I’ve walked its street many times, down Boulevard Strasbourg in the 10e, but my eyes had always been somewhere else before, so until last fall I had never noticed the Theatre Antoine.
And it wasn’t until I was long home and sorting pictures that it became anything more than a few images of 19th-century facade decoration in my mind.
But it didn’t take long to discover that not only is it still operating (gates covered the front when I passed) but is still, as it has been for most of its 150-year history, a venue for experimental and avant-garde theatre. In the 1940s, it saw the premieres of most of Jean-Paul Sartre’s plays.

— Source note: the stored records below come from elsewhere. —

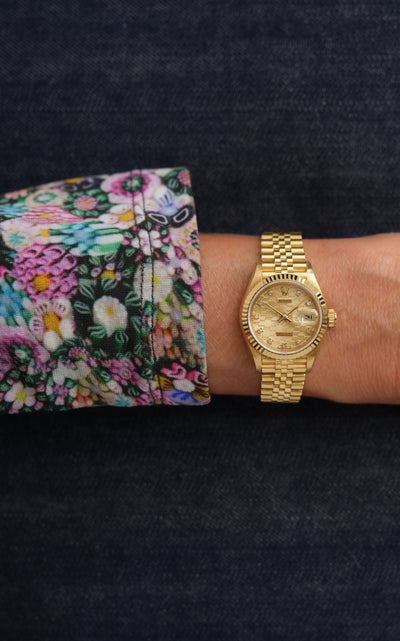1987 RARE ROLEX DATEJUST 69178
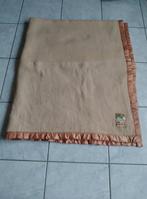 Bruin tweepersoonsdeken merk Palma, Huis en Inrichting, Slaapkamer | Beddengoed, Ophalen, Gebruikt, Bruin, Tweepersoons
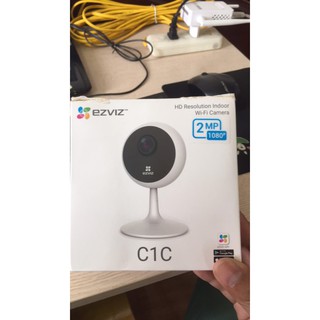 Camera wifi ezviz c1c hình ảnh 2.0 full hd 1080p - hàng chính hãng.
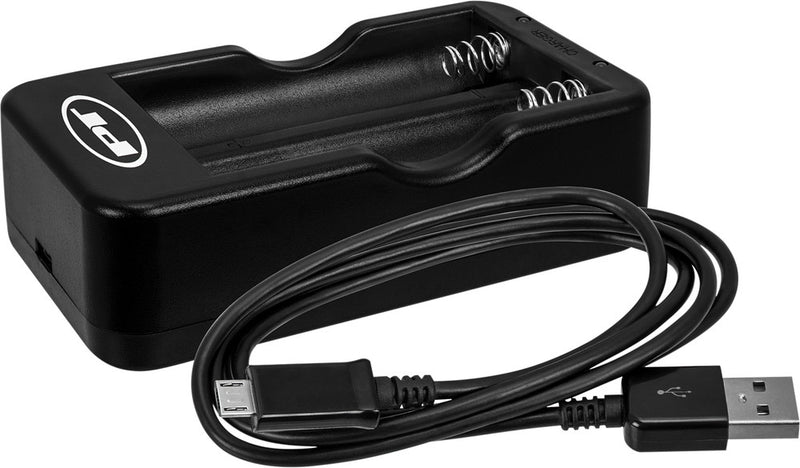 Performance Tool 117-1138 W2655C DUAL BATTERY CHARGER 18650 3.7 VOLT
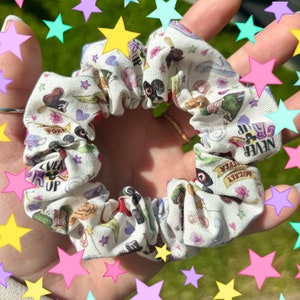 ultimate Disney scrunchie/Disney scrunchie/character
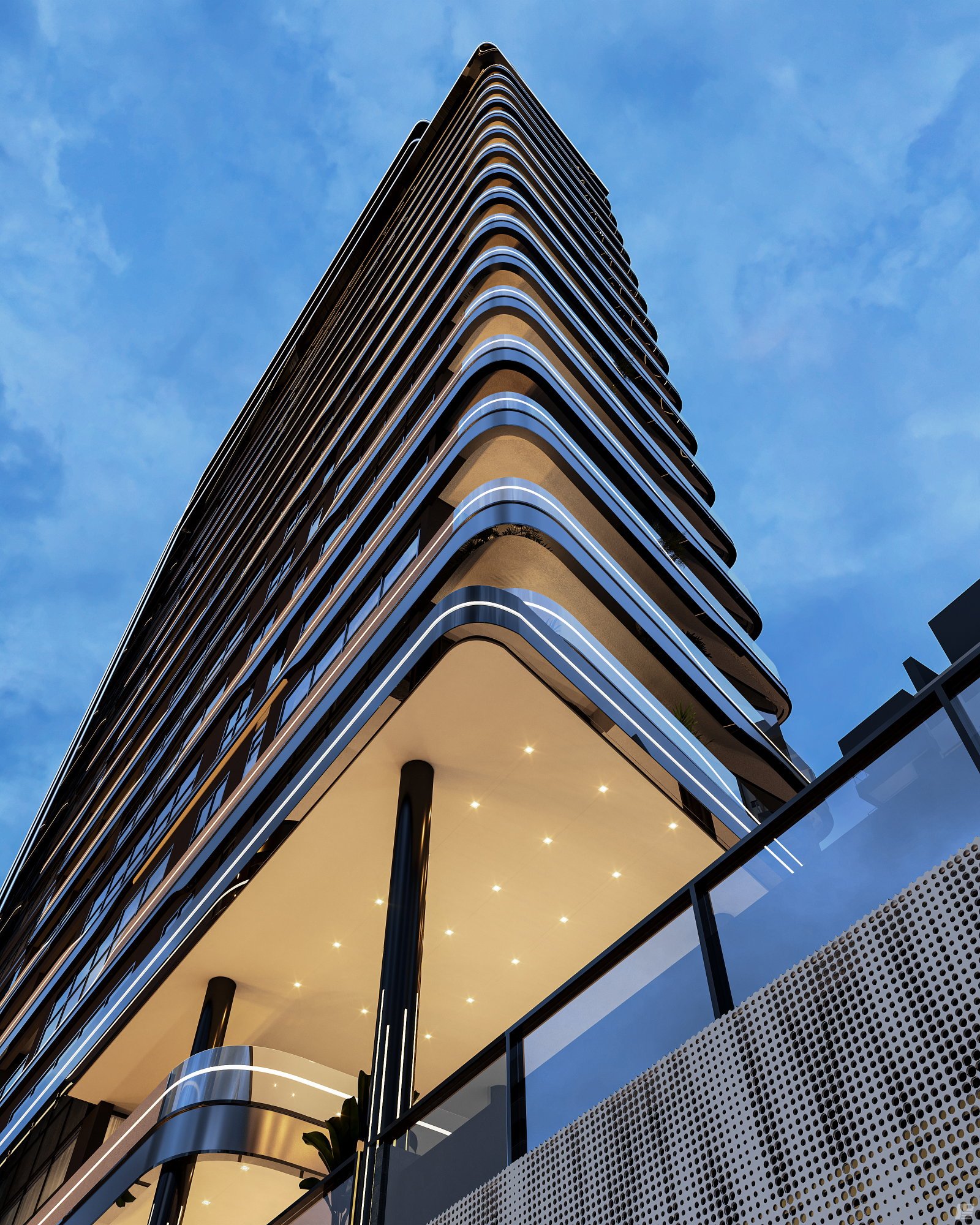 Apartamento Symphony Balneário Camboriú (SC) – HAACKE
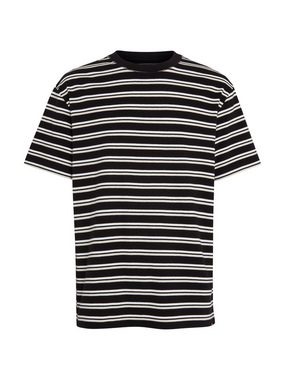 Tommy Jeans T-Shirt TJM REG EASY STRIPE TEE mit mehrfarbigen Streifen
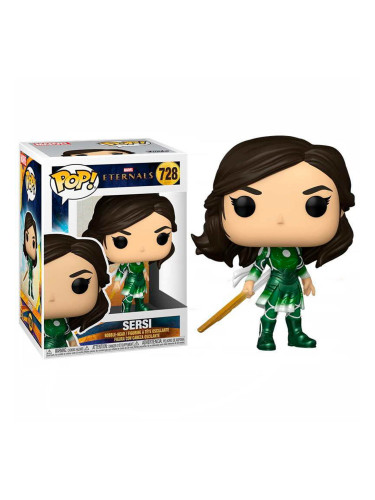 Фигурки на Герои Funko POP! MARVEL ETERNALS SERSI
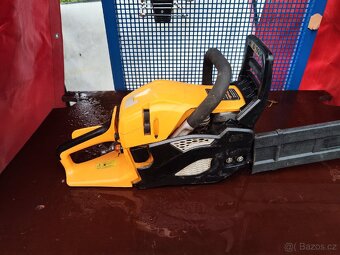 Motorová pila Riwall Pro RPCS 5545 - 3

Other notable names that have had connections over the years include Albert Camus, Jean Cocteau and Arthur Miller; directors who have worked there include Peter Brook, Sacha Guitry and Simone Berriau who ran the theatre for many years. Isabelle Huppert, Anouk Aimee, Jeanne Moreau Gerard Depardieu and Jean-Louis Trintignant are among those who’ve performed there.
It’s passed through several sets of hands, of course, since Andre Antoine was forced to sell it in 1994 when he ran out of money. But then, it had already had a number of names when he bought it in 1888. It was built in 1866 as the Theatre des Menus-Plaisirs, and was later Theatre des Arts, Opera-Bouffe and Comedie-Parisienne. The street decorations, dated 1880 and 1881 are probably the Comedie’s additions.
Antoine’s theatre company, the ‘Free Theatre’ or Theatre Libre only lasted eight years, but it was a pioneering presenter of naturalistic theatre and had a long influence on other companies.